- Recorded information -
++++

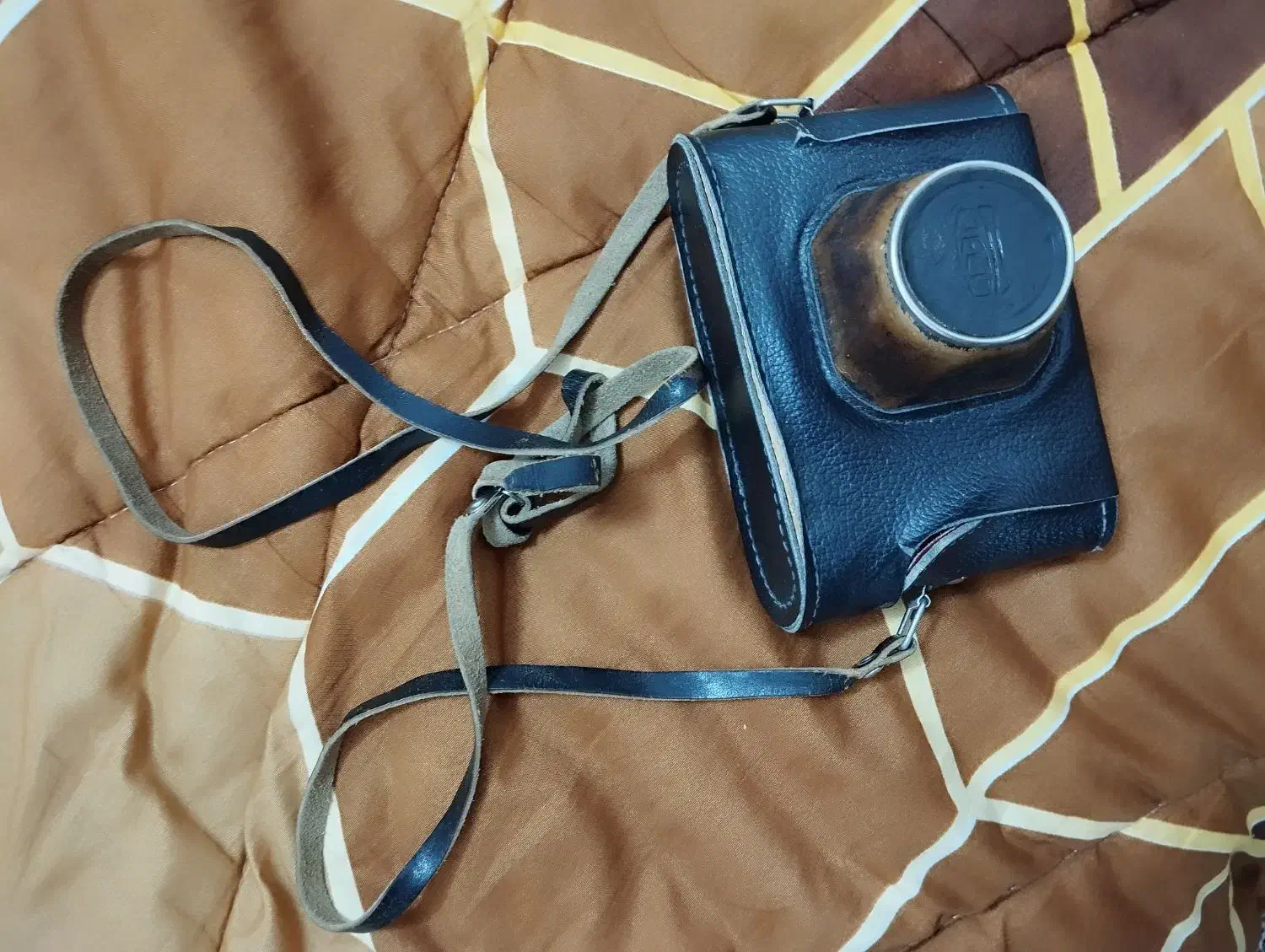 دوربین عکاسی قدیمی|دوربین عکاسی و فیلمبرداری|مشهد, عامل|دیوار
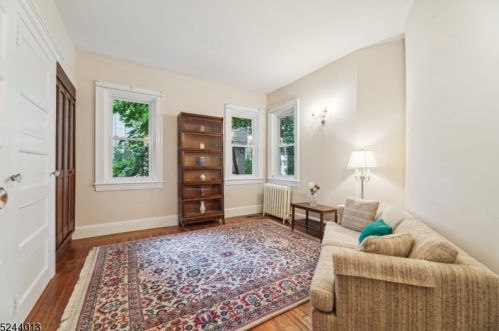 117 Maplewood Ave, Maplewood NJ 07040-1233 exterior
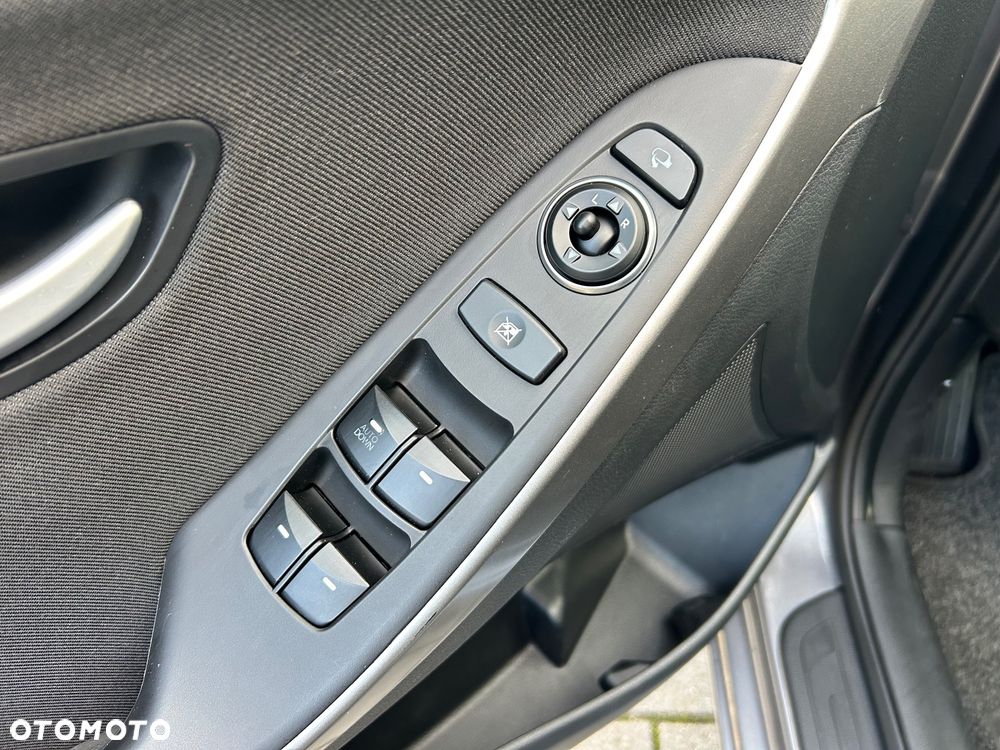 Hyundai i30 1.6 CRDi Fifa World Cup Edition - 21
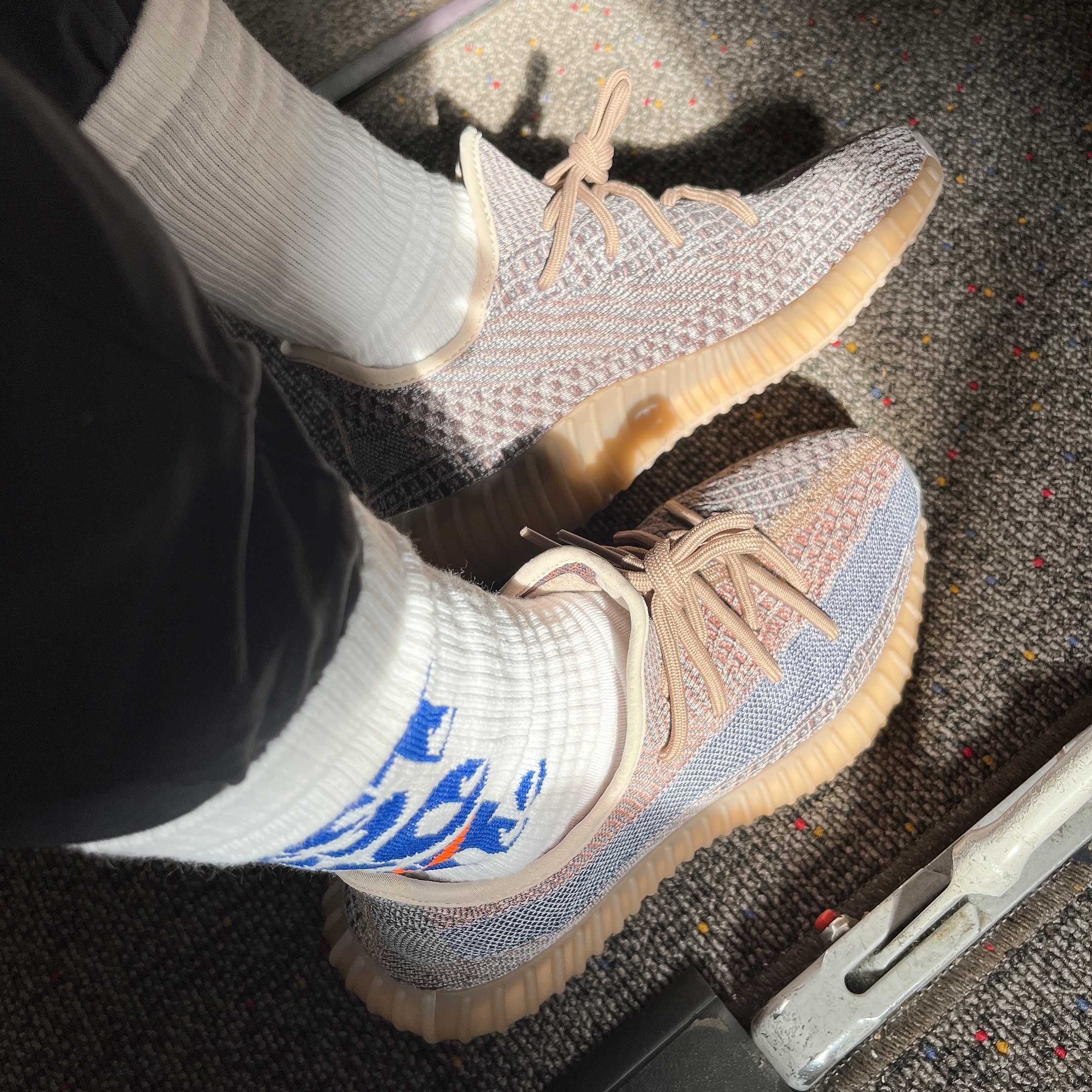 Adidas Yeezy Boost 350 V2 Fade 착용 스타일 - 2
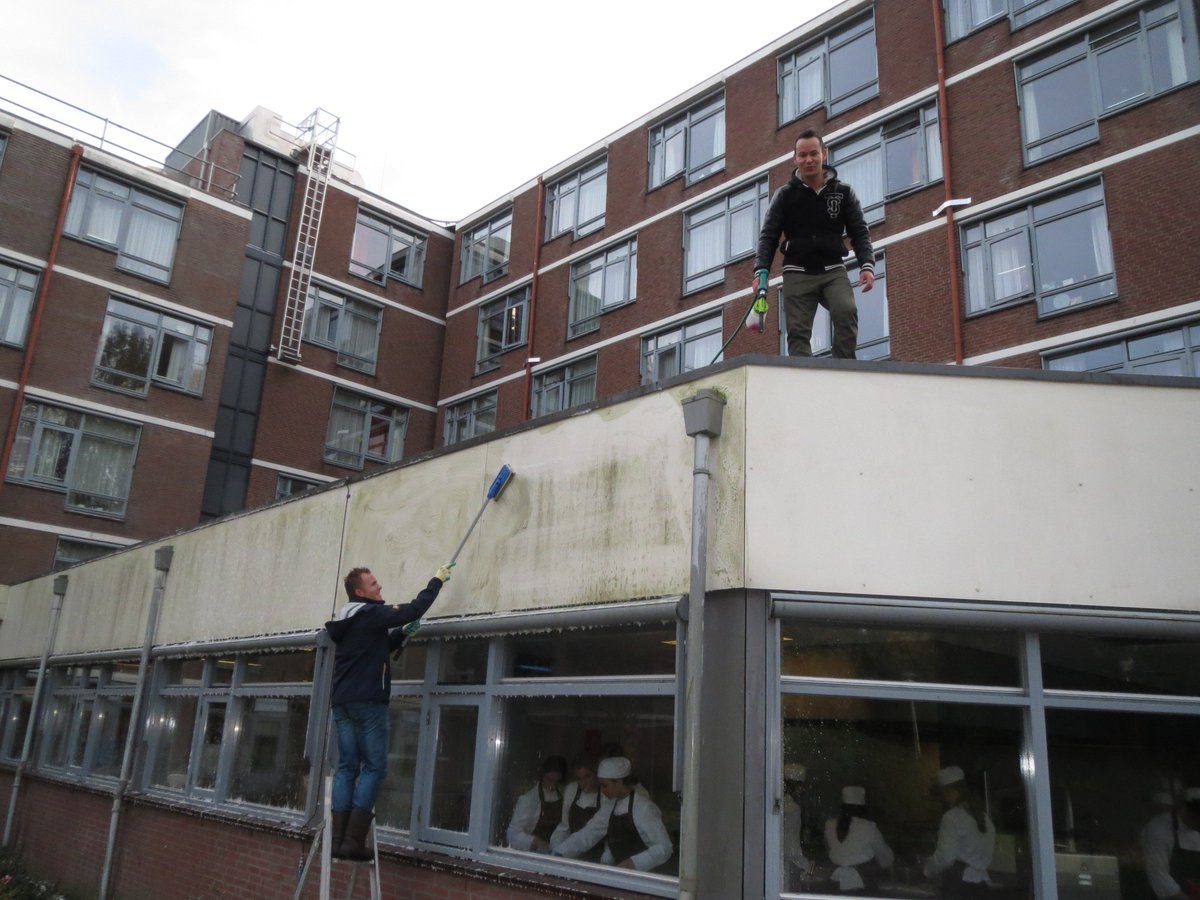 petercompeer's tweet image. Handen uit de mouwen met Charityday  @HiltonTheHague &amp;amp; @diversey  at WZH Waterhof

++++

- Activity -
The entries above are to be reproduced exactly, with the pictures dropped.

- Written answer -
 دوربین عکاسی قدیمی|دوربین عکاسی و فیلمبرداری|مشهد, عامل|دیوار
 117 Maplewood Ave, Maplewood NJ 07040-1233 exterior
 Hyundai i30 1.6 CRDi Fifa World Cup Edition - 21
 Adidas Yeezy Boost 350 V2 Fade 착용 스타일 - 2
 petercompeer's tweet image. Handen uit de mouwen met Charityday  @HiltonTheHague &amp;amp; @diversey  at WZH Waterhof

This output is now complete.